How much of what you know and apply today in your career comes from what you learnt in your school or college? Not much, I suppose. Studies suggest that our brain is designed to forget half the things it gathered within an hour. Our minds can recall only about 30% of overall learning at any given point. That means we lose out on approximately 70% of things we have learned within days of learning it!
There is a reason for our poor memory. The brain by itself cannot decide what skills or learning will still be useful in the next 6 days or 6 weeks or 6 months. Programmed to retain only recently used data, our brain tends to forget the skills or knowledge it doesn’t use frequently.
The age of ‘knowledge overload’ with its constant flux of new and updated information results in further loss of lesser applied skills. Think about it, how many of us remember the skills picked up in our professional courses or even a learning programme our organisation made us attend 3 years ago?
You will be surprised to know that the shelf-life of skills is anywhere between 18 months to 2 years.
Driven by disruptive changes and technological growth, rapid advances in the fields of artificial intelligence and increased automation is creating a massive shift in terms of proficiencies expected in employees. This means that your current skills are likely to become irrelevant in the next two years.
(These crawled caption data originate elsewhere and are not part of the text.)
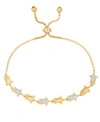 Macy's Diamond Accent Turtle Adjustable Bolo Bracelet In Gold Plate In Gold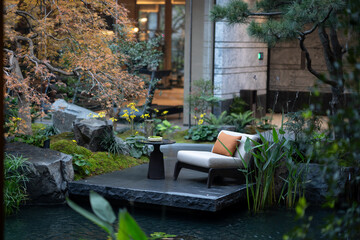 Obraz premium Cozy lounge chair in serene garden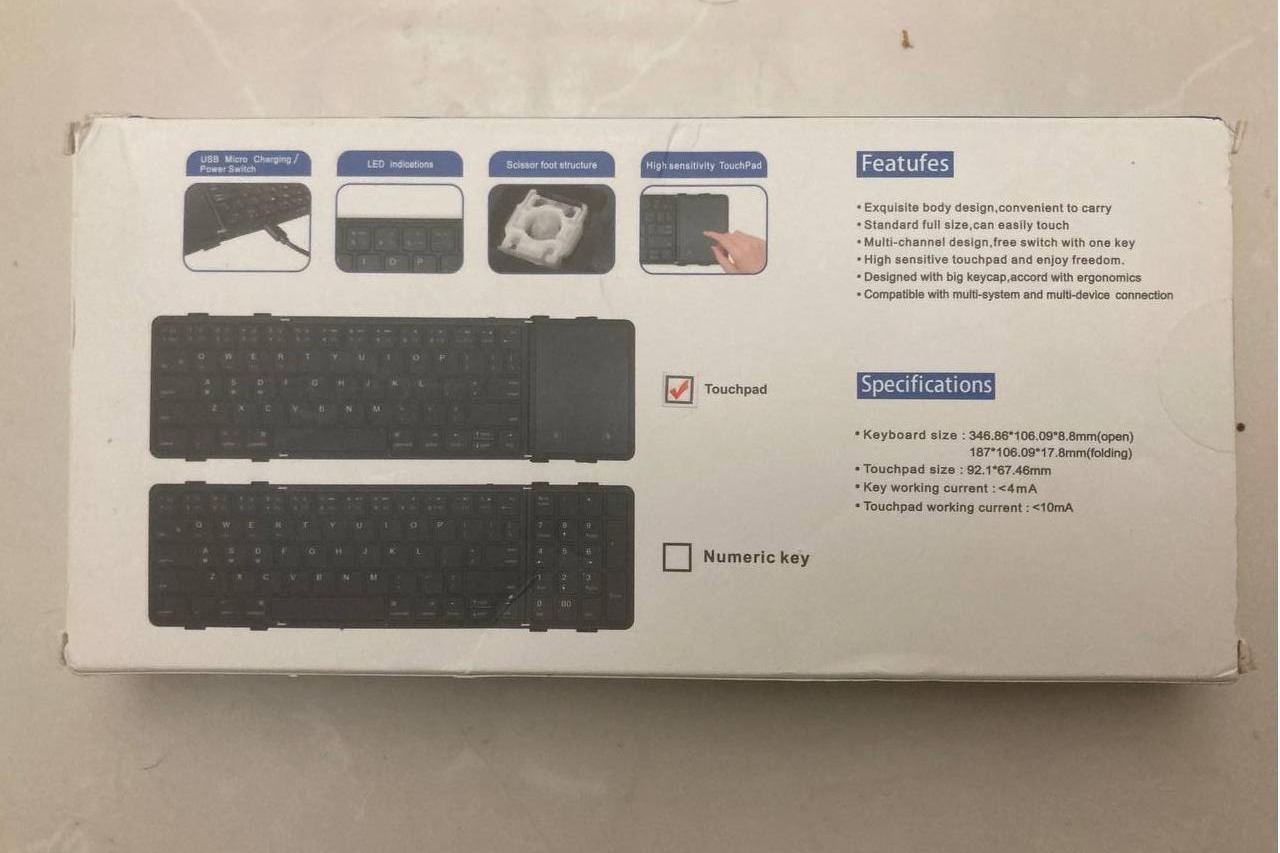 کیبورد تاشور دارای موس پد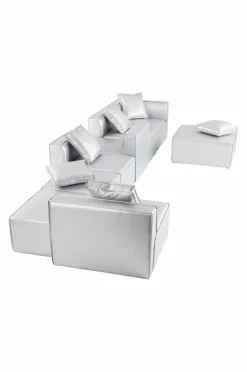 Soffor|Jotex BALTIMORE Soffmodul - Sittpuff 70x70 Cm Silver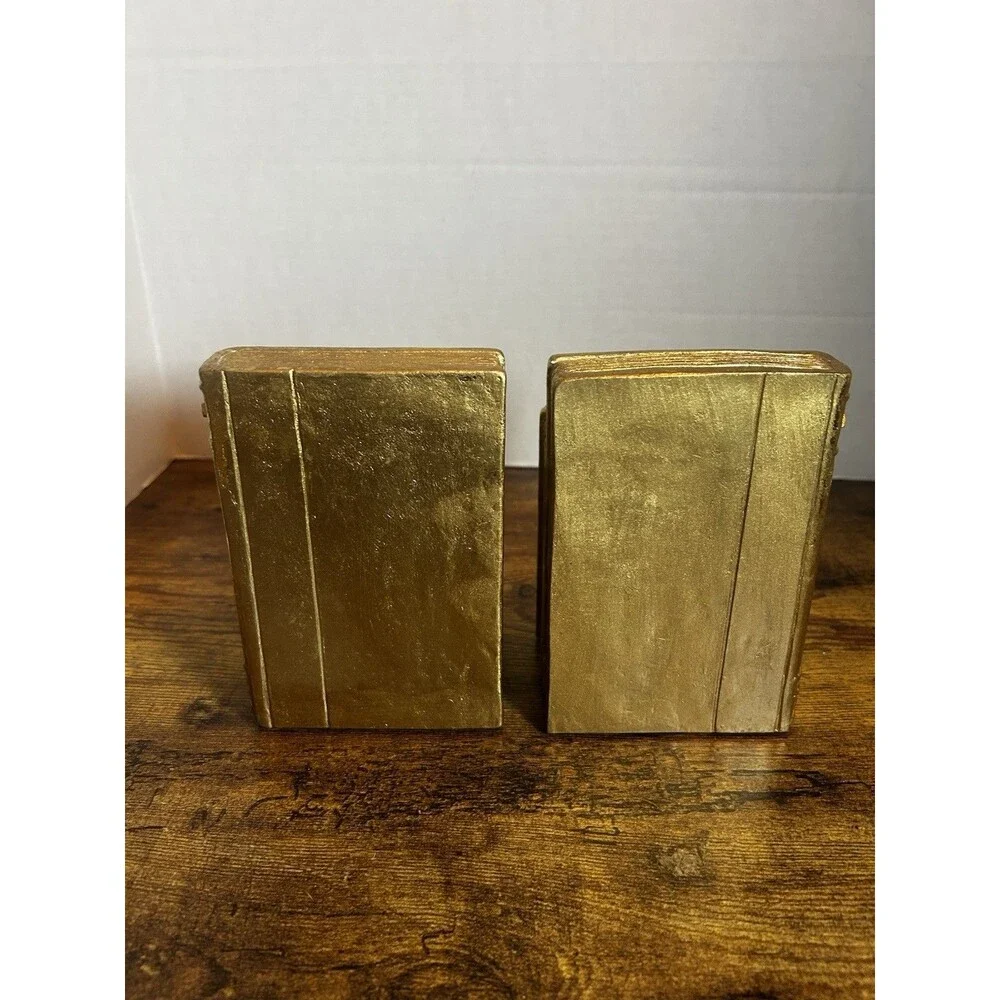 Vintage Gold Bookends Faux Books Roman Numeral Library Shelf Decor Set Pair of 2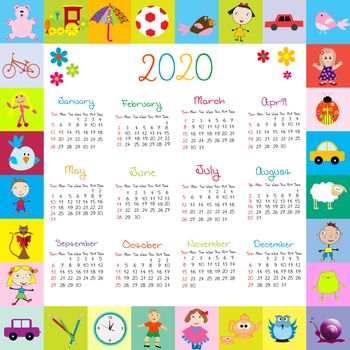 Frame with toys. 2020 calendar for kids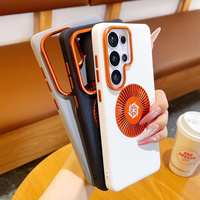 Casing Ponsel Anti Jatuh Magnetik Kuat Model Terbaru untuk Samsung S26 S25 Ultra S24 Plus dengan Disipasi Panas Grafena dan Lapisan Kulit PU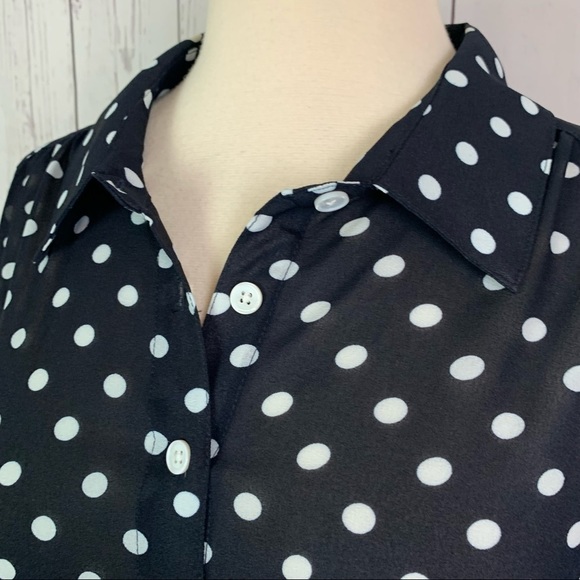 ModCloth | black white polka dot button down blouse - Picture 12 of 12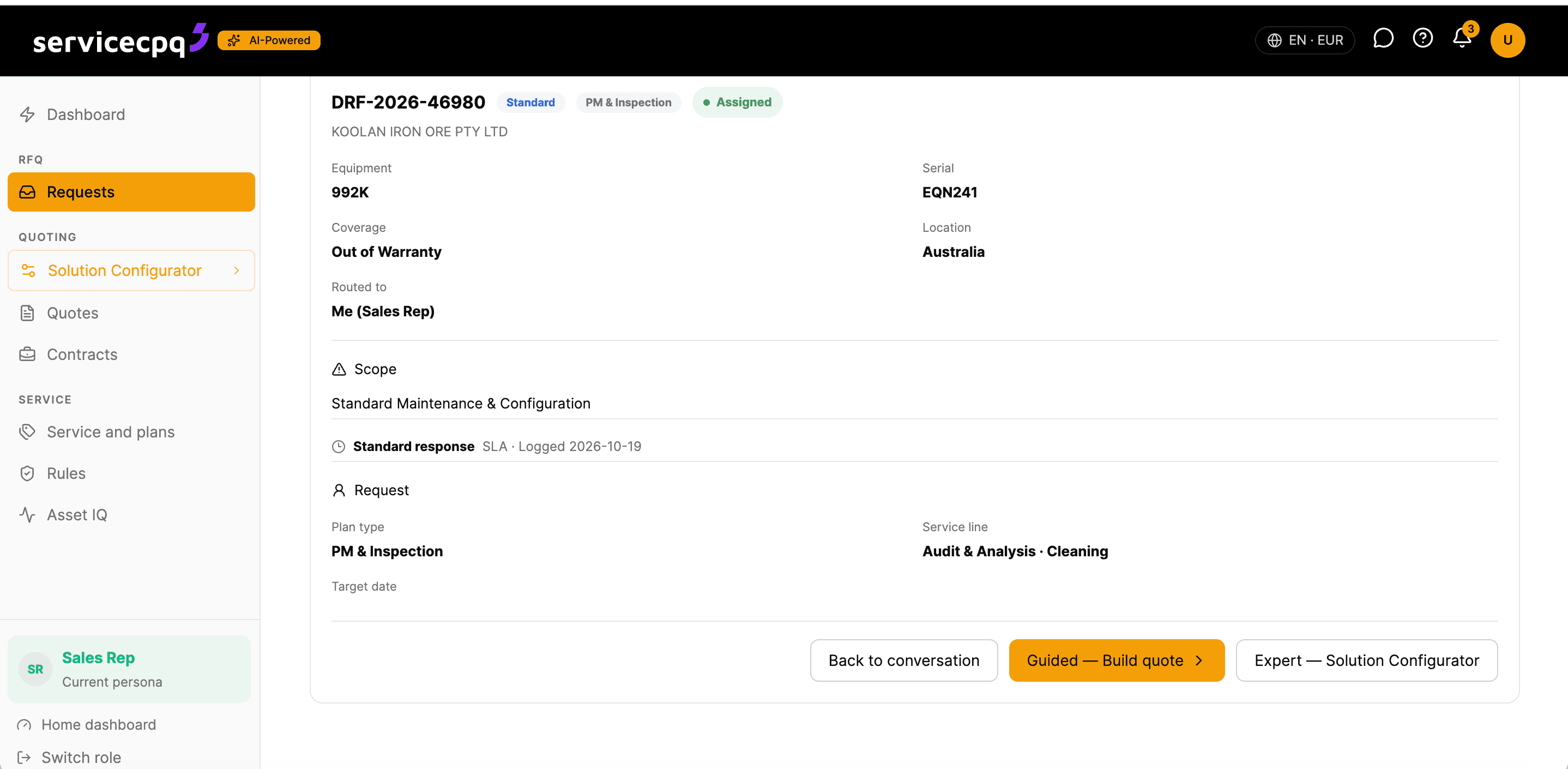 RFQ request routed to the sales rep with equipment, coverage and recommended scope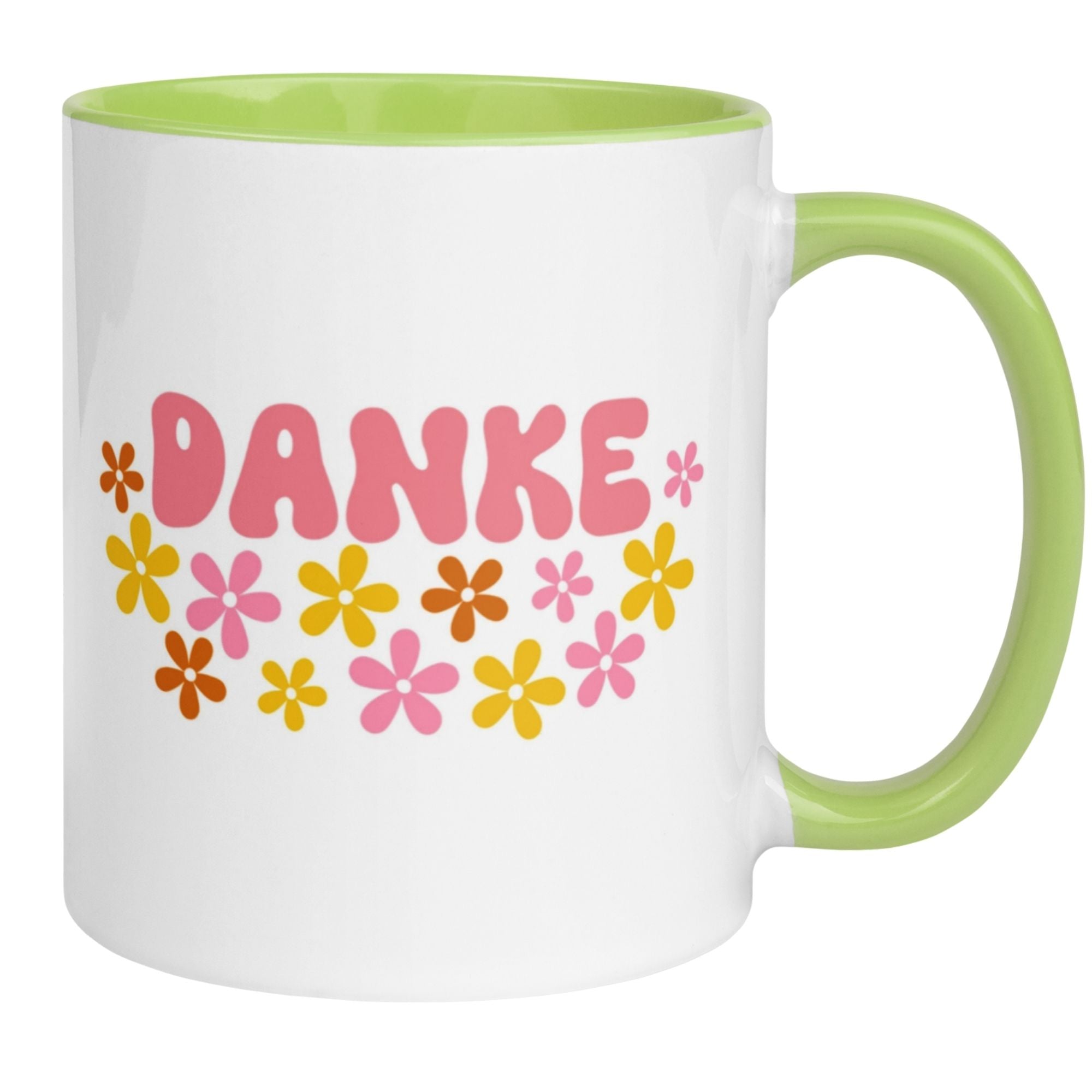 Momentals Tasse Dankeschön mit buntem Blumenmotiv und fröhlichem Schriftzug 'DANKE'
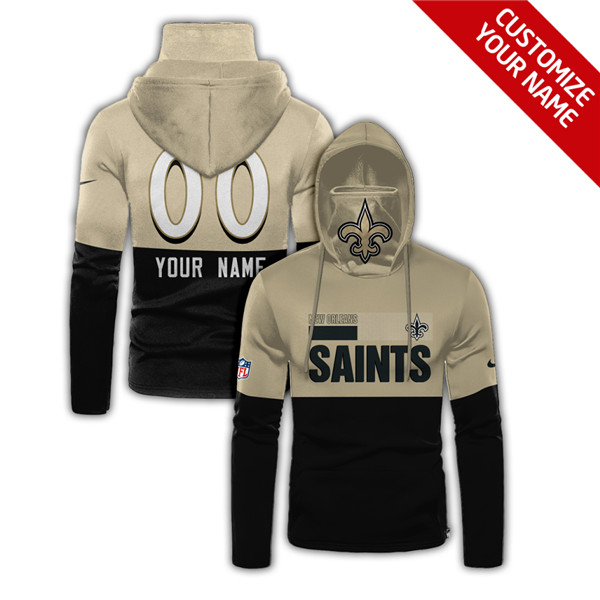 Men's New Orleans Saints Customize Stitched Hoodies Mask 2020 - Click Image to Close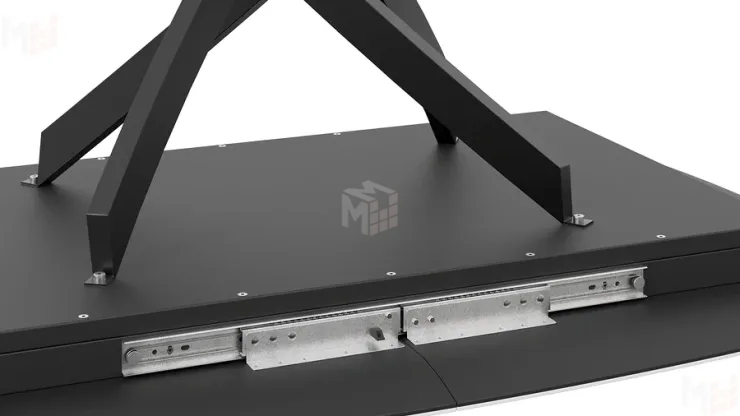 Стол обеденный раздвижной Манхеттен Т1 Черный муар, Стекло матовое белый мрамор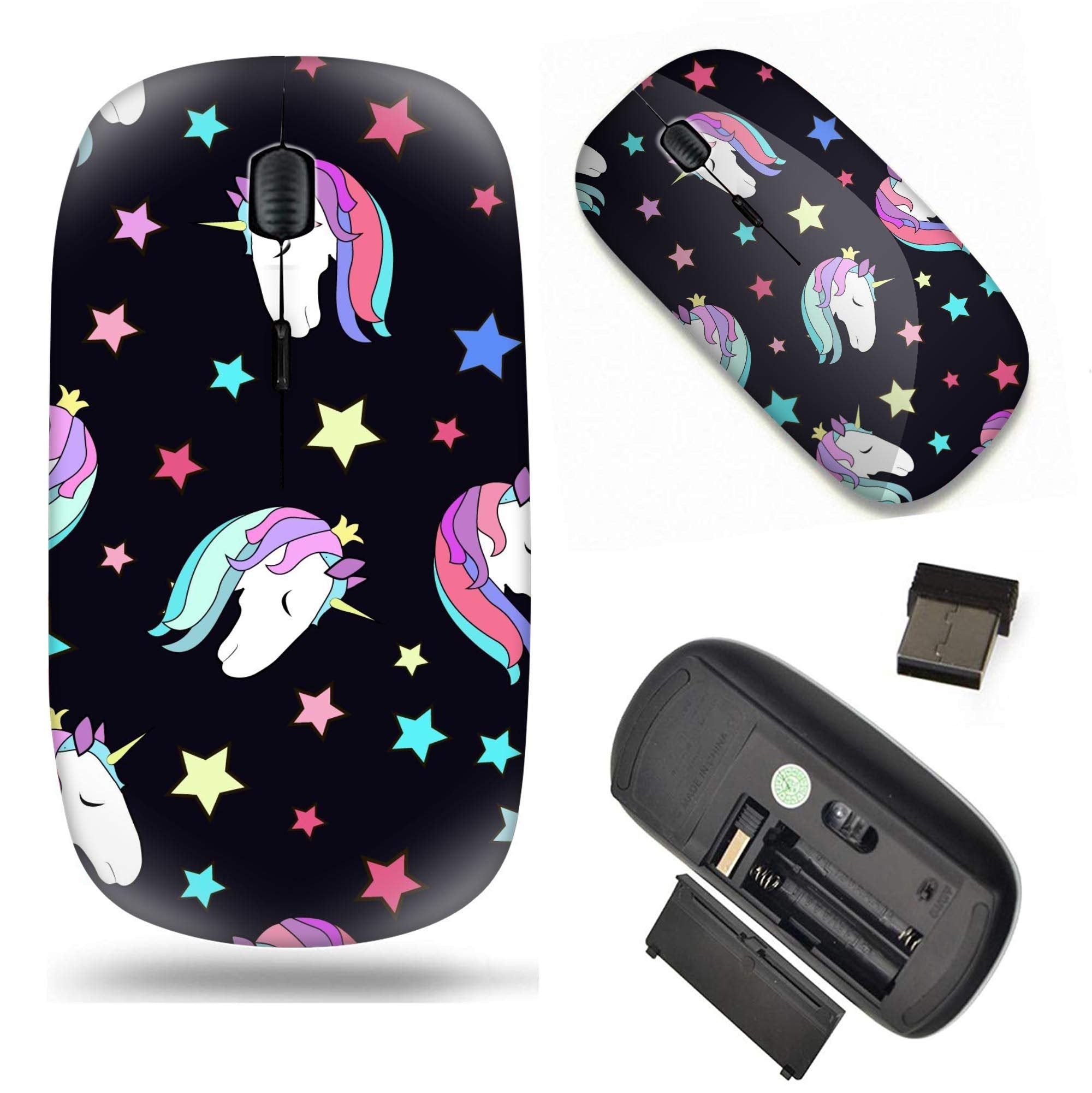 Unique Pattern Optical Mice Mobile Wireless Mouse 2.4G Portable For Notebook, Pc, Laptop, Computer   Colorful Kids Pattern With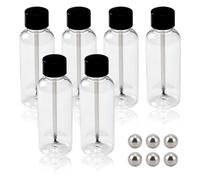NICENEEDED 6 PCS 50ml Empty Clear Fingernail Nail Polish Bottles with Brush Cap, Refillable Square Nail Varnish Bottles Containers with with 6 PCS Mixing Agitator Balls, Travel Containers for Nail Art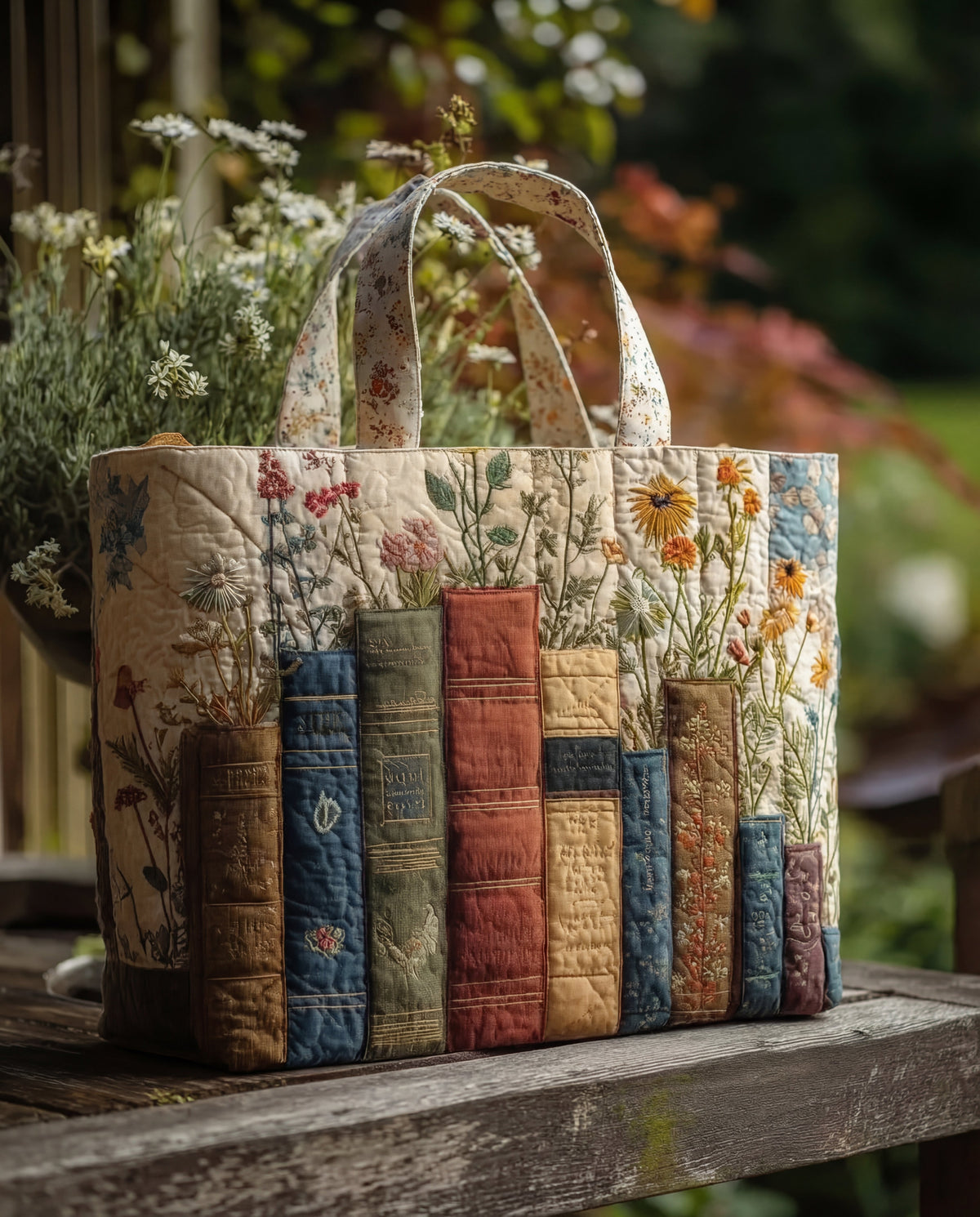Quilted Handmade Bag "Books and Flowers"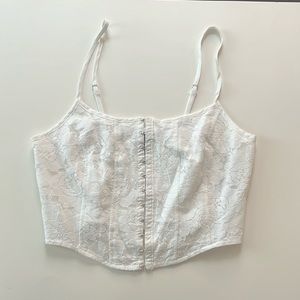 WILD FABLE White Lace Eyelet Crop Top Corset Size XS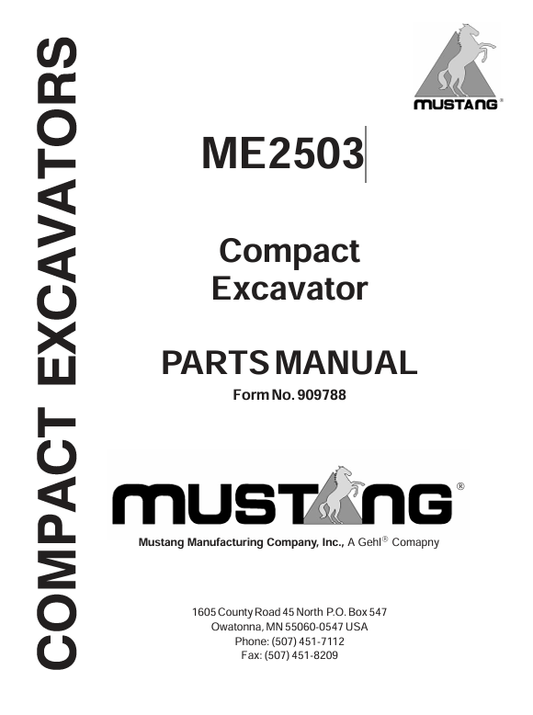 MUSTANG ME2503 (909788) Parts Manual PDF – Complete Illustrated Parts Catalog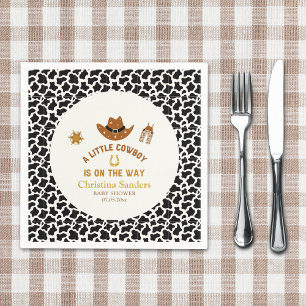 A Little Cowboy Is on The Way Baby Shower Napkins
Staying in the ‘learning mode’ beyond your graduation and training programs offered by your company is going to be crucial to your career growth.
The best way to make most of these exciting times is to follow a two-pronged approach:
- Continuous Learning
- Retention and Recall
Continuous Learning
Continuous learning is necessary to build new skills to grow one’s career path and that’s a given. However, retention is not guaranteed just because you learned something once. Continuous learning works only if you are revising what you learnt. So revision is one way of recall. But it will still follow its own path of loss.
Also, you can’t keep learning the same thing every few days. You also have to upgrade yourself with new skills from time-to-time. So, continuous learning should be to build new skills and not to revise old learning.
The good news is that while knowledge is expanding exponentially, so is the availability of high-quality learning resources. The digital revolution has made the availability of relevant content at low costs a reality. The learning could include new developments in your field or building of cross-functional competencies. For eg: If you’re already a rockstar sales person, you could join the marketing team to leverage your current expertise and learn new skills.
However, as we may have experienced, we can soon forget what we learn.
Retention and Recall
Retention of any new learning comes only through recall and application. So, if you want to remember what you picked up at a recent learning and development program, you would have to find ways to bring it to your present memory. And still, you may not recall it unless you test it, which is what academic institutions and well-crafted training courses do through simulations.
While testing is at times not feasible for skills learnt later in your career, you have to find ways to use or apply your knowledge. For example, you may have attended a course or read a great book on strategy. While your boss may not have told you to develop or comment on the strategy of the company you work in; are you thinking about the strategy of the organization? Can you make a small note about how the strategy of the company could be changed? And then propose it to your boss?
You may fear that you may be laughed at if you do such a thing. Most people have this fear, but in my experience, leaders do not laugh when employees come up with ideas.
And even if your company hasn’t accepted your idea, it doesn’t matter; you have at least found ways to apply your learning, even though the company did not force you to apply it.
Finally, self-management is key. As organizations grow, they no longer have the bandwidth to spoon feed you.
At most, your company will create mechanisms and opportunities for you to learn new skills. But they are not going to lay down opportunities for you to apply your learning. That’s where you need to be self-motivated to seek out cross-functional opportunities and enthusiastically participate when given the chance.
Interestingly, irrespective of the size of the organization, a self-motivated individual who proactively applies his or her learning to benefit the organization will always be recognized and rewarded.